道徳武芸研究 「呪物」と套路〜形、功、法の視点から〜(2)

 道徳武芸研究 「呪物」と套路〜形、功、法の視点から〜(2)

「呪物」と「物」の違いを生み出す要素としては「(奇異な)形」「物語」「伝承者」がある。これを武術の「形、功、法」で言うならば「形」は套路で、「法」は術理、「功」は練習ということになろう。そしてこれらによって武術の「力」である「勁力」が生み出されるのである。反対に言えば「形」「功」「法」のいずれを欠いても「勁力」は得られないということでもある。そのため中国では特に真伝を得ることが重要視されている。もし、こうした要素のいずれかを欠いた状態で稽古をしたならば、そこで偉えるのは単なる「力」である。

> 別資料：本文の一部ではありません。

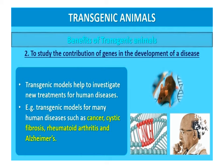In the development of a disease: some transgenic animals are designed to understand how genes contribute to the development of certain diseases. These help in finding out new treatments for such diseases. For example, transgenic models for many human diseases such as cancer, cystic fibrosis, rheumatoid arthritis, and Alzheimer's have been developed.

これは「蛮力」とも称される。つまり武術の技とむすび付いていない単なる筋力に過ぎない力なのである。よく柔道家や相撲取りがプロレスラーに転身した場合には数ヶ月を費やして「見せる筋肉」を付けるという。本来、柔道や相撲では必要のない筋肉を強そうに見せるために付けるわけである。そうなるとその余分な筋力は蛮力を生むことになり、本来の柔道や相撲の動きにとってはむしろ邪魔になってしまう。